Conditional independence tests for survival data : Conditional independence test for survival data

Description

The main task of this test is to provide a p-value PVALUE for the null hypothesis: feature 'X' is independent from 'TARGET' given a conditioning set CS. This test can based on the Cox (semi-parametric) regression or on the Weibull (parametric) regression.

Usage

censIndCR(target, dataset, xIndex, csIndex, wei = NULL, dataInfo = NULL, univariateModels = NULL, hash = FALSE, stat_hash = NULL, pvalue_hash = NULL, robust = FALSE)
censIndWR(target, dataset, xIndex, csIndex, wei = NULL, dataInfo = NULL, univariateModels = NULL, hash = FALSE, stat_hash = NULL, pvalue_hash = NULL, robust = FALSE)
censIndER(target, dataset, xIndex, csIndex, wei = NULL, dataInfo = NULL, univariateModels = NULL, hash = FALSE, stat_hash = NULL, pvalue_hash = NULL, robust = FALSE)

Arguments

target
A Survival object (class Surv from package survival) containing the time to event data (time) and the status indicator vector (event). View Surv documentation for more information.
dataset
A numeric matrix or data frame, in case of categorical predictors (factors), containing the variables for performing the test. Rows as samples and columns as features.
xIndex
The index of the variable whose association with the target we want to test.
csIndex
The indices of the variables to condition on.
wei
A vector of weights to be used for weighted regression. The default value is NULL.
dataInfo
A list object with information on the structure of the data. Default value is NULL.
univariateModels
Fast alternative to the hash object for univariate test. List with vectors "pvalues" (p-values), "stats" (statistics) and "flags" (flag = TRUE if the test was succesful) representing the univariate association of each variable with the target. Default value is NULL.
hash
A boolean variable which indicates whether (TRUE) or not (FALSE) to use the hash-based implementation of the statistics of SES. Default value is FALSE. If TRUE you have to specify the stat_hash argument and the pvalue_hash argument.
stat_hash
A hash object (hash package required) which contains the cached generated statistics of a SES run in the current dataset, using the current test.
pvalue_hash
A hash object (hash package required) which contains the cached generated p-values of a SES run in the current dataset, using the current test.
robust
A boolean variable which indicates whether (TRUE) or not (FALSE) to use a robustified version of Cox regression. Currently the robust version is not available for this test. Note, that Cox and Weibull regressions offer robust (sandwich) estimation of the standard error of the coefficients, but not robust estimation of the parameters.

Value

A list including: A list including:

Details

The censIndCR implies the Cox (semiparametric) regression, the censIndWR the Weibull (parametric) regression and the censIndER the exponential (parametric) regression, which is a special case of the Weibull regression (when shape parameter is 1).

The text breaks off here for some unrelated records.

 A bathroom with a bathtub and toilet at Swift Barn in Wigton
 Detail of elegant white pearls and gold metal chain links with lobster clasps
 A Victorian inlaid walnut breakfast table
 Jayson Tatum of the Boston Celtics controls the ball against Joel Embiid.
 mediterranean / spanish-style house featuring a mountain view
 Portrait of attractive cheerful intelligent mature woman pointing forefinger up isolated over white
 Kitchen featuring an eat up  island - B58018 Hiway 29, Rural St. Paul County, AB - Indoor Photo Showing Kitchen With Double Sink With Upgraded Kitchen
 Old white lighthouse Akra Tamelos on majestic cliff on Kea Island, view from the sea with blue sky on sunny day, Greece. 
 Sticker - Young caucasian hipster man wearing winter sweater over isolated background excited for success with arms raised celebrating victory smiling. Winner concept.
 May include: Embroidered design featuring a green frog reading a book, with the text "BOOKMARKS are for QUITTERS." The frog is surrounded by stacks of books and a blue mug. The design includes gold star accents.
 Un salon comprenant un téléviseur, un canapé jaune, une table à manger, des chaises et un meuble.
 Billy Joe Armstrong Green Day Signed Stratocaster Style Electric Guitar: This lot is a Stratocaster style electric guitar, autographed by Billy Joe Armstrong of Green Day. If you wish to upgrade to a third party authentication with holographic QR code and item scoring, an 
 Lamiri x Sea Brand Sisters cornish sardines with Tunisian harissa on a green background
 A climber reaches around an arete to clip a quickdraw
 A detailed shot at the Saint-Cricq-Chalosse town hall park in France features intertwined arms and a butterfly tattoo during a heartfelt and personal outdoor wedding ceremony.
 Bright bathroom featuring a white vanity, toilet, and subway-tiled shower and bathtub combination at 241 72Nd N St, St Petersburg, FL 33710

If hash = TRUE, censIndCR, censIndWR and censIndER require the arguments 'stat_hash' and 'pvalue_hash' for the hash-based implementation of the statistic test. These hash Objects are produced or updated by each run of SES (if hash == TRUE) and they can be reused in order to speed up next runs of the current statistic test. If "SESoutput" is the output of a SES run, then these objects can be retrieved by SESoutput@hashObject$stat_hash and the SESoutput@hashObject$pvalue_hash.

Important: Use these arguments only with the same dataset that was used at initialization.

For all the available conditional independence tests that are currently included on the package, please see "?CondIndTests".

References

V. Lagani and I. Tsamardinos (2010). Structure-based variable selection for survival data. Bioinformatics Journal 16(15): 1887-1894.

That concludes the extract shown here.